After any run_records(...) call, run the validator over the returned SimulationResult:

import GenAIRR as ga

refdata = ga.dataconfig_to_refdata(ga.HUMAN_IGH_OGRDB)

result = (
    ga.Experiment.on("human_igh")
      .recombine()
      .productive_only()
      .run_records(n=100, seed=1)
)

report = result.validate_records(refdata)
assert report                     # ValidationReport is truthy iff every record passed
print(report.summary())           # Histogram of issue kinds (empty when ok)

refdata is the cartridge in its engine-side RefDataConfig shape. When you bound the Experiment to a string like "human_igh" or a DataConfig, the bridge produces a RefDataConfig for the engine; you can obtain the same object via ga.dataconfig_to_refdata(cfg) on the Python side, or read it off exp.compile().simulator.refdata after a compile.

Runtime validation

For workloads where you want the validator to run on every batch without an explicit second call, opt in at simulation time:

result = (
    ga.Experiment.on("human_igh")
      .recombine()
      .run_records(n=100, seed=1, validate_records=True)
)
# The validator already ran. result.validate_records(refdata) re-runs
# if you call it explicitly; the runtime flag is just a convenience.
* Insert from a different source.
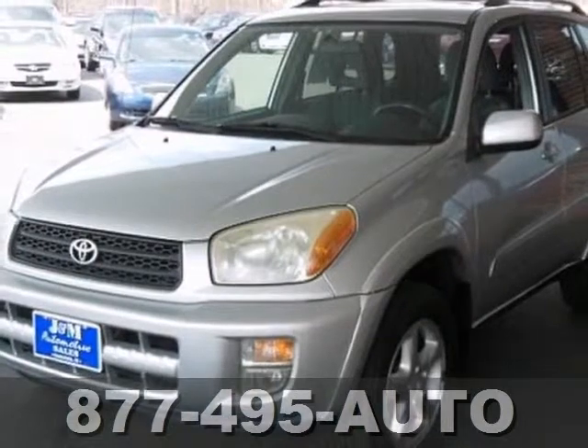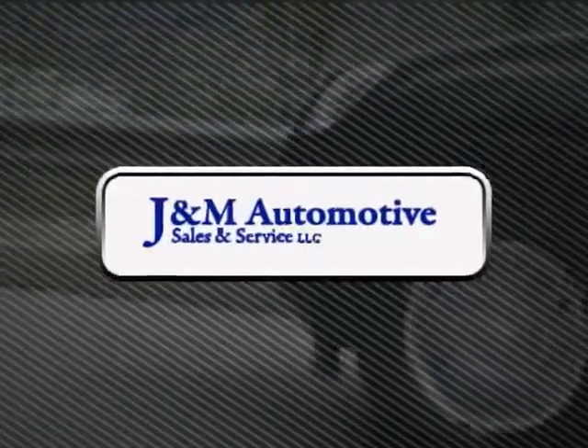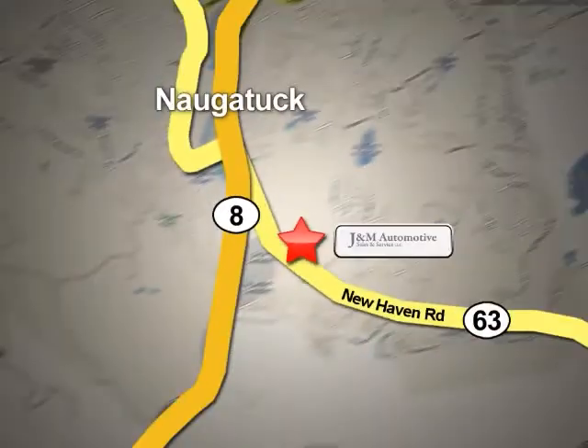Come on out and test drive this Toyota RAV4 today. You'll see a difference at J&M Auto Sales. Call or stop in today. We are conveniently located at 820 New Haven Road in Naugatuck, Connecticut.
The runtime flag is off by default — validation is intentionally an opt-in discipline so production simulation loops that have already qualified their parameters don't pay the per-record overhead.

Reading a ValidationReport

validate_records returns a ValidationReport. The dataclass is designed to be both immediately readable and CI-assertable:

report = result.validate_records(refdata)

report.ok            # True / False — short-circuit gate for CI
report.count         # int — total records validated
report.failures      # list[dict] — one entry per failing record
report.summary()     # str — single-line histogram of issue kinds
bool(report)         # equivalent to report.ok

assert report, report.summary()   # the canonical CI one-liner

When ok is False, each entry of failures carries:

{
    "record_index": 17,
    "sequence_id": "seq17",
    "issues": [
        {"kind": "JunctionLength", "details": {...}},
        {"kind": "VCallMismatch",  "details": {...}},
    ],
}

issues is a list because a single record can fail multiple invariants — the validator never short-circuits on the first problem.

Common issue categories

The validator catalogues divergences into five families. Each family groups together the checks that share the same upstream source, so when you see one fire you can localise the suspect code path quickly.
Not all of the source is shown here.